Johnston's organ is a collection of sensory cells found in the pedicel (the second segment) of the antennae in the class Insecta.[2] Johnston's organ detects motion in the flagellum (third and typically final antennal segment). It consists of scolopidia arrayed in a bowl shape, each of which contains a mechanosensory chordotonal neuron.[3][4] The number of scolopidia varies between species. In homopterans, the Johnston's organs contain 25–79 scolopidia.[5] The presence of Johnston's organ is a defining characteristic which separates the class Insecta from the other hexapods belonging to the group Entognatha. Johnston's organ was named after the physician Christopher Johnston (1822-1891)[6] father of the physician and Assyriologist Christopher Johnston.

Function

In fruit flies, midges and mosquitoes

In the fruit fly Drosophila melanogaster and Chironomus annularius, the Johnston's organ contains almost 480 sensory neurons.[7] In the mosquito, the Johnston's organ houses ~15 000 sensory cells in males,[8] comparable to that in the human cochlea,[9] and approximately half as many in females.[10] Distinct populations of neurons are activated differently by deflections of antennae caused by gravity or by vibrations caused by sound or air movement.[2][11] This differential response allows the fly to distinguish between gravitational, mechanical, and acoustic stimuli.[2][11]

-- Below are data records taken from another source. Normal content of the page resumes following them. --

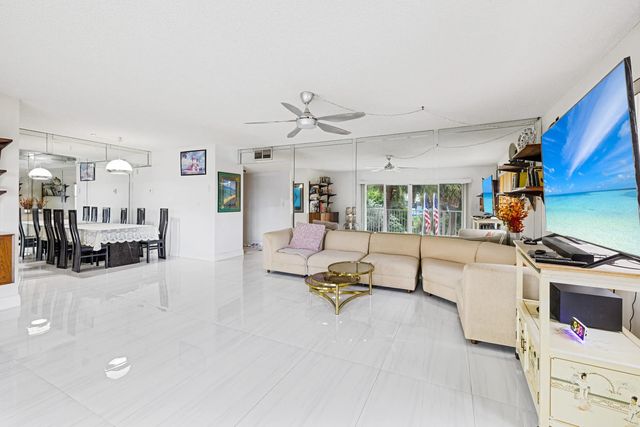 3 of 31 - 1200 Hibiscus Avenue #201, Pompano Beach, FL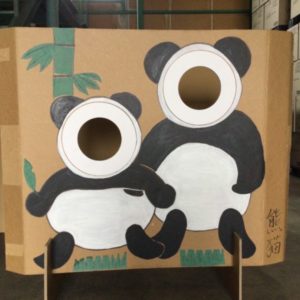 ダンボールで顔はめパネル
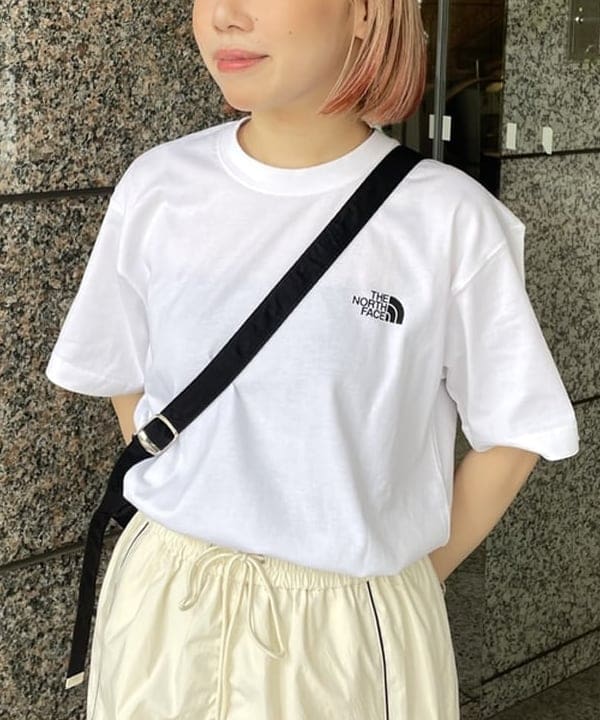 まゆちゃんさんの「BEAMS WOMEN｜ストライプ キリカエ トラックスカート」を使ったコーディネート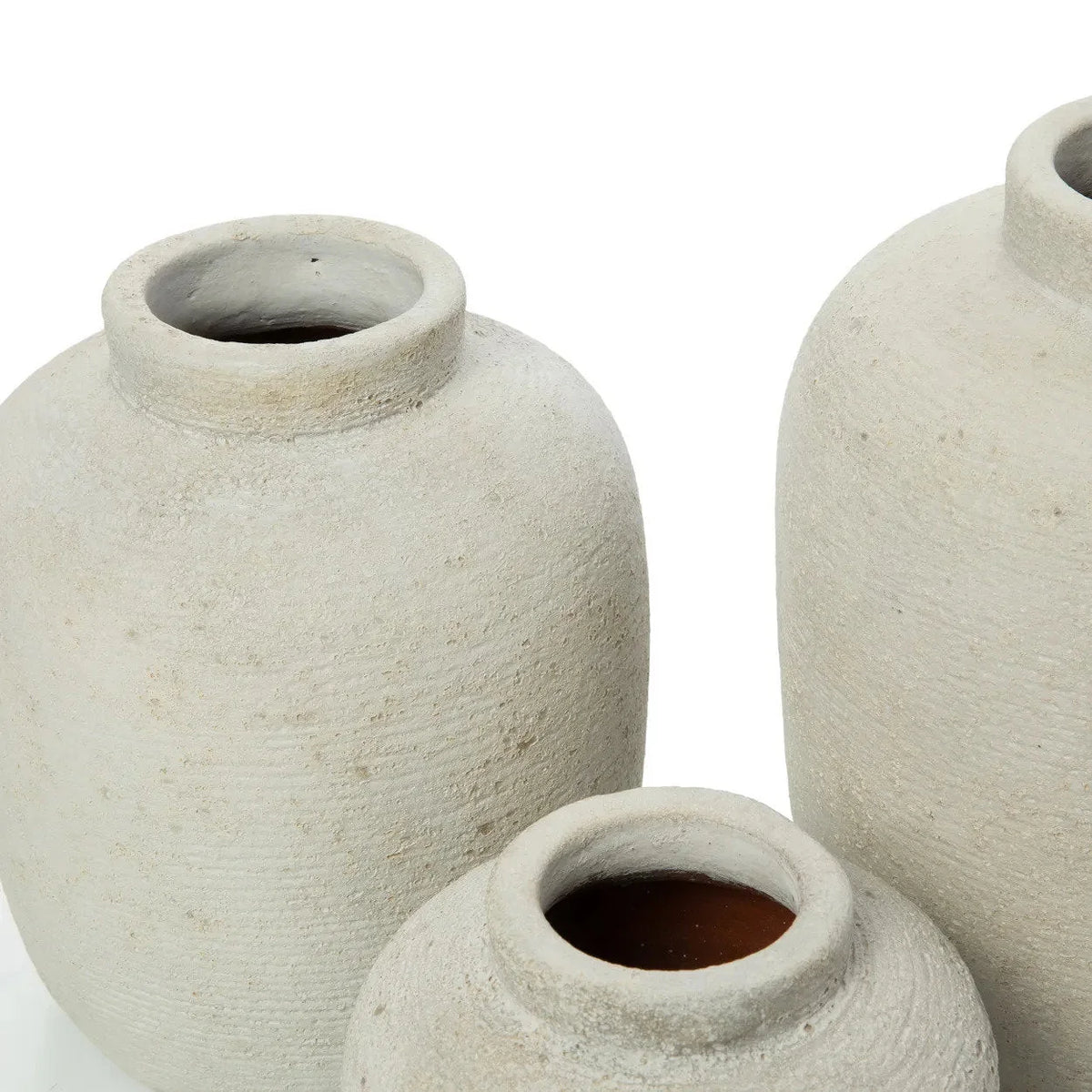 Ensemble de trois vases en céramique beige texturée avec finition mate, hauteur 14 cm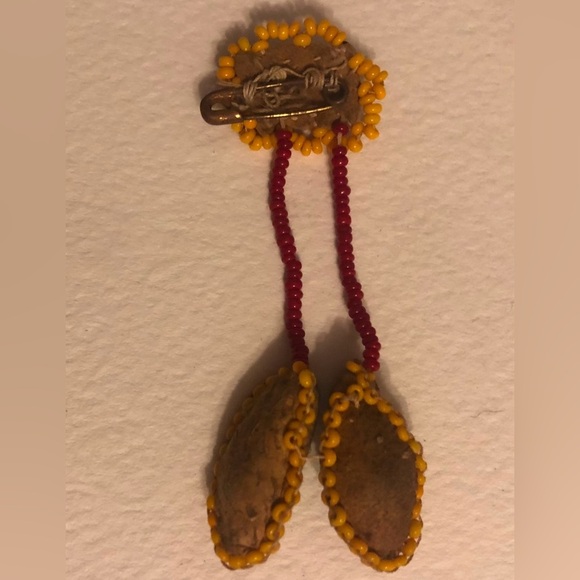 Vintage Handmade Native American Beaded Felt Indian Souvenir pin - Picture 2 of 3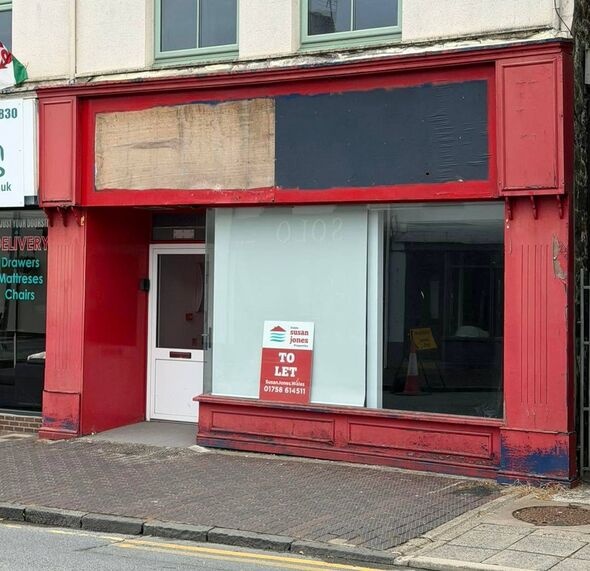 Another vacant shop on Gaol Street Another vacant shop on Gaol Street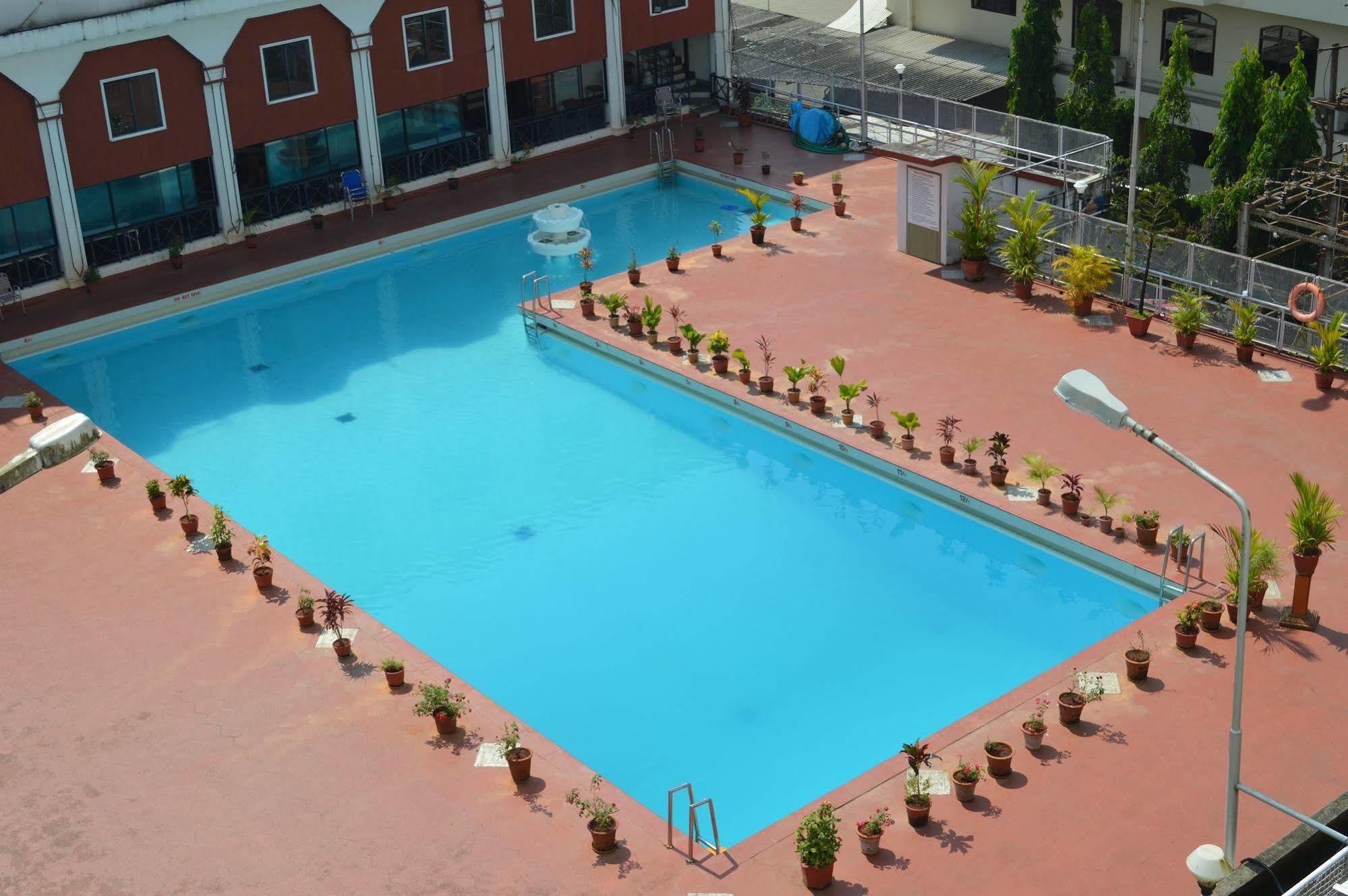 Hotel Moti Mahal Mangaluru Exterior foto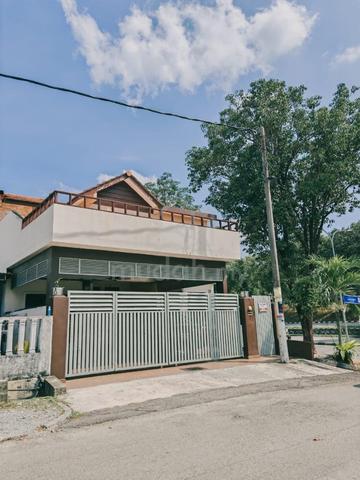 TAMAN SRI ANDALAS KLANG 📍 FULLY RENOVATED 🔥 2-Storey CORNER For Sale 1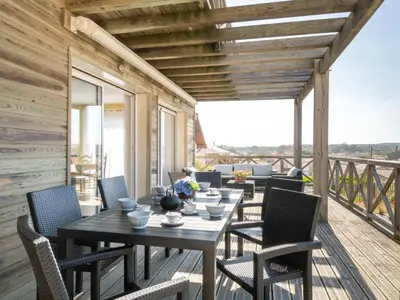 Balcon ou terrasse dans l'établissement Holiday Home Villa Marine by Interhome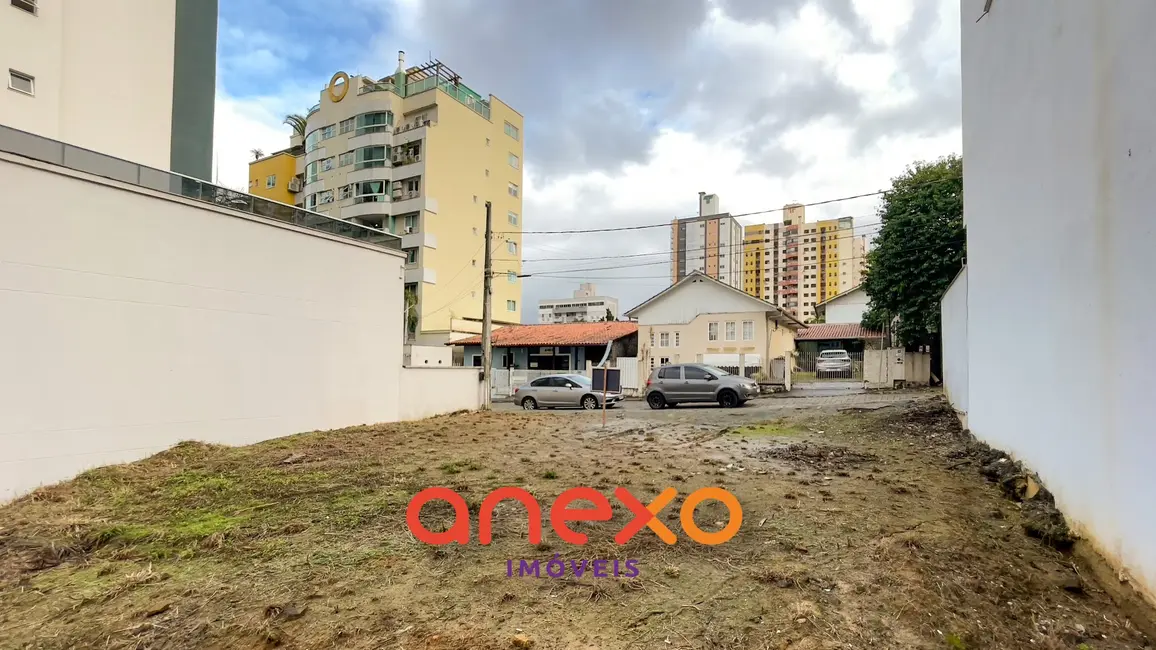 Foto 2 de Sala Comercial à venda, 300m2 em Vila Nova, Blumenau - SC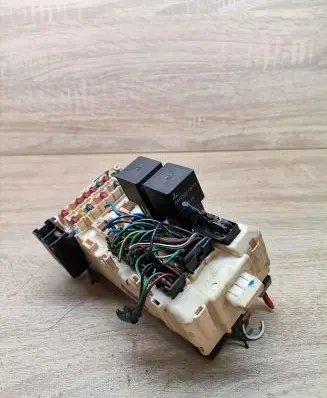 Toyota Corolla E120 E130 Fuse module 48788114 48788i14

The Johnston's organ of fruit flies, chironomids or mosquitoes can be used to detect air vibrations caused by the wingbeat frequency or courtship song of a mate. One function of the Johnston's organ is for detecting the wing beat frequency of a mate.[3] Production of sound in air results in two energy components: the pressure component, which is changes in air pressure; and the particle displacement component, which is the back and forth vibration of air particles oscillating in the direction of sound propagation.[12] Particle displacement has greater energy loss than the pressure component when getting further from the sound source, so for quiet sounds such as small flies, it is detectable only within a few wavelengths of the source.[12]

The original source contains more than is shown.